Our eight-year-old twin daughters were wide eyed with wonder, and we were all eager to make the most of our time in town. As our ship did not depart until the following afternoon, we enjoyed a morning stroll in Central Park, and were dragged around the FAO Schwartz toy shop on Fifth Avenue, with its floor piano made famous by Tom Hanks in the film Big. Then it was time to jump on the pre-arranged transfer to the cruise pier in Brooklyn, where formalities took just a few minutes before we strolled up the gangplank.
There was much to explore on the 3,100-passenger Caribbean Princess, with four swimming pools, Lotus Spa, many bars and two speciality restaurants. But these were all forgotten when we set sail. Few departures can have such a memorable start, and I will never forget gliding past the Statue of Liberty at sunset, watching in awe as the towering skyscrapers faded into the dusk.
Cruising with two mini seadogs
With the initial excitement over, any worries I’d had about my daughters, Holly and Dani, getting bored quickly evaporated. It became clear we had two mini seadogs on our hands, who revelled in the novelty of being on a ‘big boat.’ Over the next few days they spent their time splashing around in the two family pools, catching films on the ‘Movies under the Stars’ giant outdoor cinema screen, and joining in the children’s activities.

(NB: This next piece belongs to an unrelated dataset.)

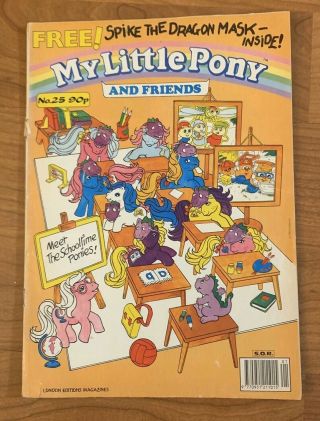 Vintage My Little Pony And Friends G1 Uk Comic Book 1991 Glo Worms No.  25 Spike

There were three children’s clubs, and the girls couldn’t wait to join Shockwaves, which catered for eight to 12 year olds with a lively mix of ice-cream parties, talent shows and scavenger hunts. While we mainly stayed and played as a family, the chance to escape from each other on occasion was a welcome novelty. In search of a quiet moment one morning, I couldn’t resist sampling The Sanctuary VIP deck area, with plush chaise longue sunbeds, pre-loaded MP3 players and butler service. Like most good things in life, it isn’t free, but the $10 half-day charge was a small price to pay for this oasis of calm.
It’s worth noting that Princess charges an optional daily hotel and dining charge of $10.50 per person (including
for kids), but – a nice touch this – you can ask for it to be taken off your bill if you wish to tip independently.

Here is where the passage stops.